**DIRECTIONS**
Starting at the line that contains "Commuting chiffon shirt" and stopping at the line that contains "JUST BREATHE BUTTERFLY", restate each line of the records below exactly. Omit the pictures.

**SUPPLIED RECORDS**
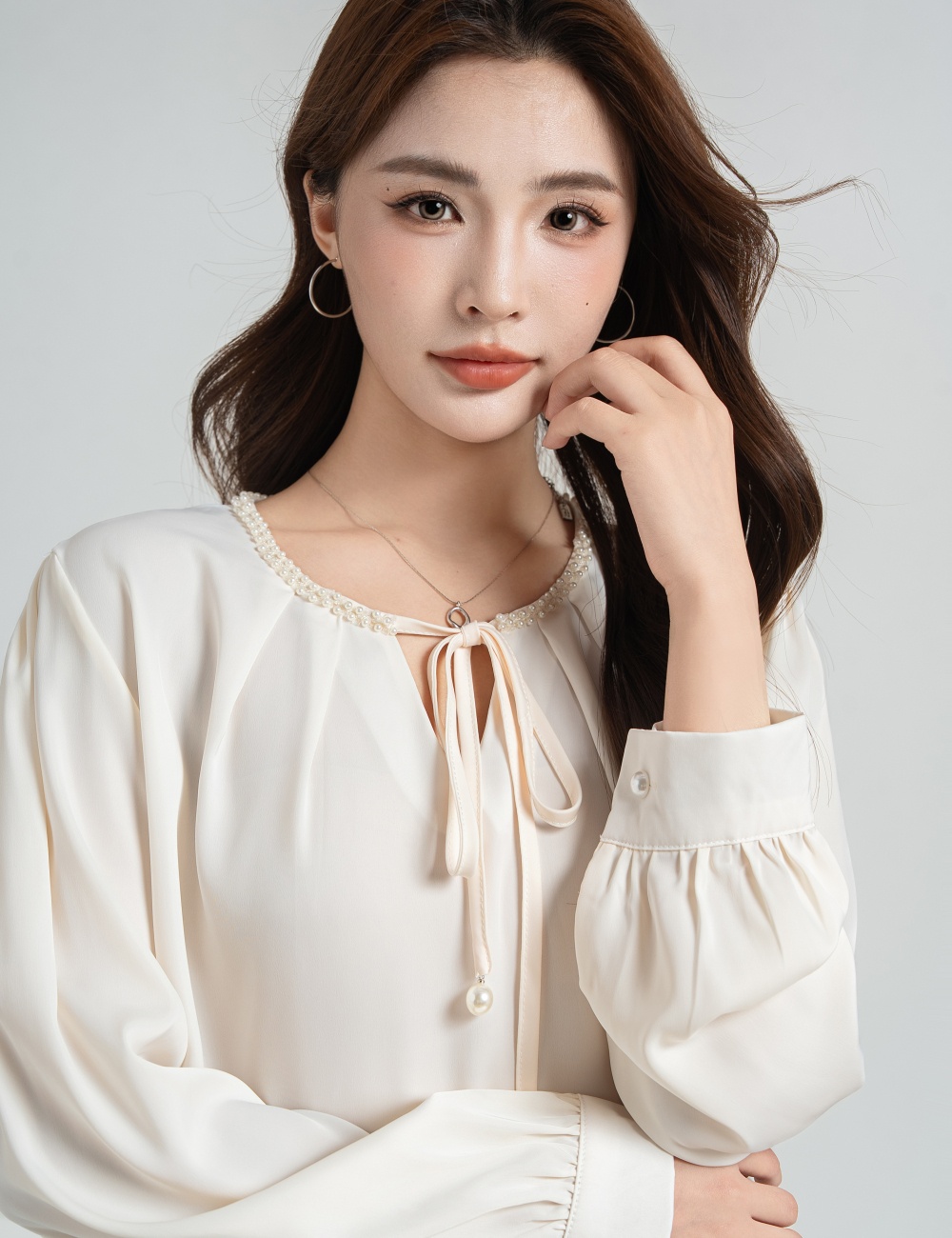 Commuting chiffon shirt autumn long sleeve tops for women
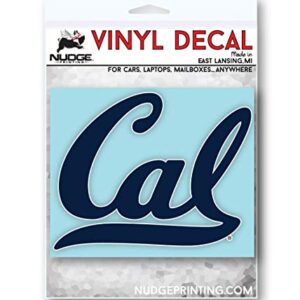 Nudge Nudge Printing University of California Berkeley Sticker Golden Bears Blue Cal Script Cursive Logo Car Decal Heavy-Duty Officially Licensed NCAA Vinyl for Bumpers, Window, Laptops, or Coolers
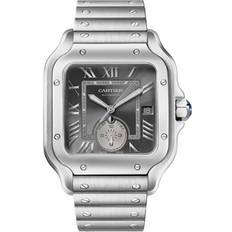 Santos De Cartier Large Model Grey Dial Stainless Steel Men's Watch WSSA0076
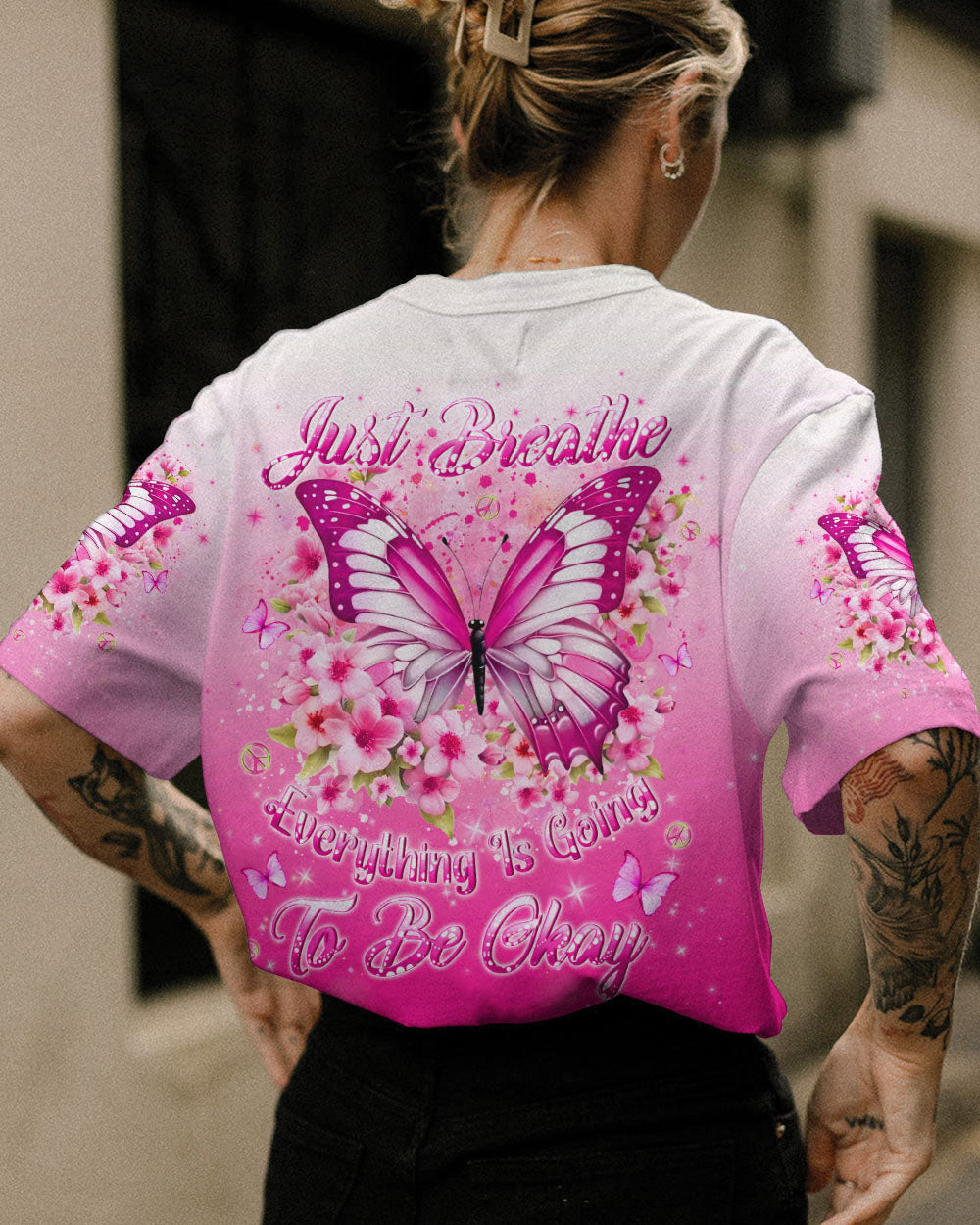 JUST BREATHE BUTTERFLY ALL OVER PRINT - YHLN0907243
* * *
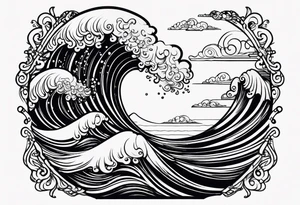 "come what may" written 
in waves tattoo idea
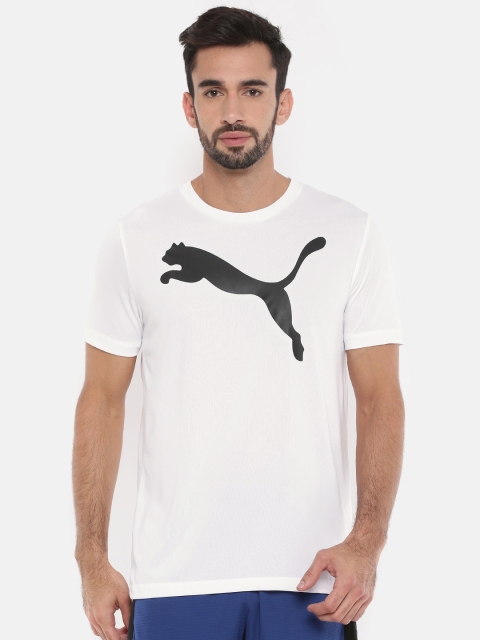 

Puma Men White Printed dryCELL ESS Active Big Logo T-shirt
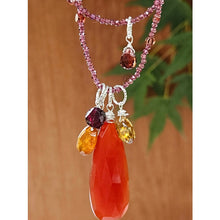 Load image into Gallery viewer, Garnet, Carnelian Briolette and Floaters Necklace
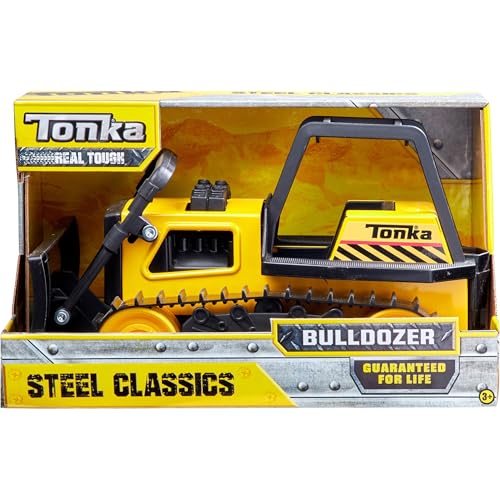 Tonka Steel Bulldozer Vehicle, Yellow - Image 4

**ANSWER**
 Commuting chiffon shirt autumn long sleeve tops for women
 Nudge Nudge Printing University of California Berkeley Sticker Golden Bears Blue Cal Script Cursive Logo Car Decal Heavy-Duty Officially Licensed NCAA Vinyl for Bumpers, Window, Laptops, or Coolers
 Santos De Cartier Large Model Grey Dial Stainless Steel Men's Watch WSSA0076
 JUST BREATHE BUTTERFLY ALL OVER PRINT - YHLN0907243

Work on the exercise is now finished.